Dennis E. Doty is producer of "Collected Stories," the second production in the acclaimed new drama series PBS HOLLYWOOD PRESENTS.

An award-winning producer with 28 television films to his credit, Doty joined with Gil Cates in 1989 to form Cates/Doty Productions for the development and production of motion pictures, miniseries, and specials for television. He serves as executive producer and/or producer of all Cates/Doty films.

Doty and Cates first worked together on the critically acclaimed television movie Consenting Adult, starring Marlo Thomas and Martin Sheen, based on the book by Laura Z. Hobson. The productions under their Cates/Doty banner include the miniseries Tom Clancy's NetForce and Innocent Victims; the television movies Confessions: Two Faces of Evil, In My Daughter's Name and Absolute Strangers; and the variety specials An American Celebration at Ford's Theater and America Celebrates the 50th Anniversary of Israel. Most recently, in association with ALT Films, they produced James Agee's A Death in the Family for Masterpiece Theatre's American Collection on PBS.

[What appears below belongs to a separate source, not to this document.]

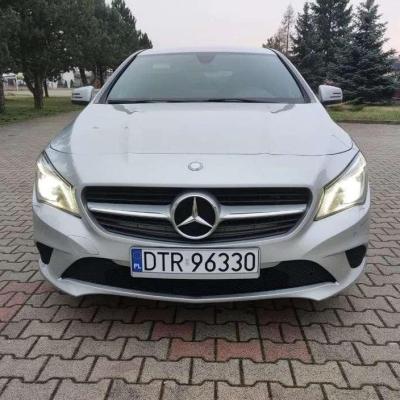 Mercedes-Benz CLA Shooting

Doty's additional television films include the CBS/Chrysler Showcase Production of Escape From Sobibor, starring Alan Arkin, Rutger Hauer and Joanna Pacula, for which he received a Golden Globe Award, an Emmy nomination and the 1990 Remembrance Award from the Simon Wiesenthal Center, The Return of Marcus Welby, M.D., Earth*Star Voyager, Jane Doe and Sunset Limousine.

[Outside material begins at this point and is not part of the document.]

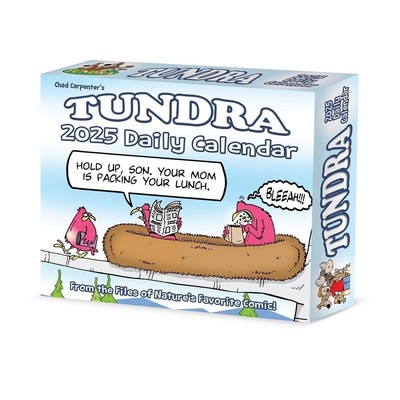 Tundra 2025 6.2" x 5.4" Box Calendar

He also co-produced the 42nd Annual Emmy Awards hosted by Jay Leno, Jane Pauley and Candice Bergen for FOX in 1990, and produced Sunday at the Oscars, the pre-show to the 73rd Annual Academy Awards on ABC in 2001.

Productions under Doty's aegis while he was senior vice president in charge of television for Marble Arch/ITC Productions include the Emmy Award-winning Friendly Fire, starring Carol Burnett and Ned Beatty; the Golden Globe-winning, Emmy-nominated All Quiet on the Western Front, starring Richard Thomas and Ernest Borgnine; the Emmy-nominated The Elephant Man based on the Bernard Pomeranz Broadway play; and The Scarlet and the Black, starring Gregory Peck, Christopher Plummer and Sir John Gielgud.

During his term as executive vice president for worldwide production of D.L. Taffner Ltd., Doty was executive producer of six films based on Leslie Charteris' The Saint and three films based on mystery novels by Dick Francis.

Previously, Doty was a programming vice president with ABC Television in both New York and Los Angeles. His executive responsibilities included the original development of the comedy series Three's Company and the creation of ABC's entry into early morning television, AM America, which became Good Morning America. Following his 12 years at ABC and prior to joining Marble Arch/ITC Productions, he was with the William Morris Agency as executive of TV creative affairs.

Doty serves on the Board of the Geffen Playhouse, the Board of the American Cinema Foundation and the Steering Committee of the Caucus of Producers, Writers and Directors. He has previously served on the Board of Directors of the Producer's Guild of America, the UCLA Theater, Film and Television Education Association and the Producer's Peer Board of the Academy of Television Arts and Sciences.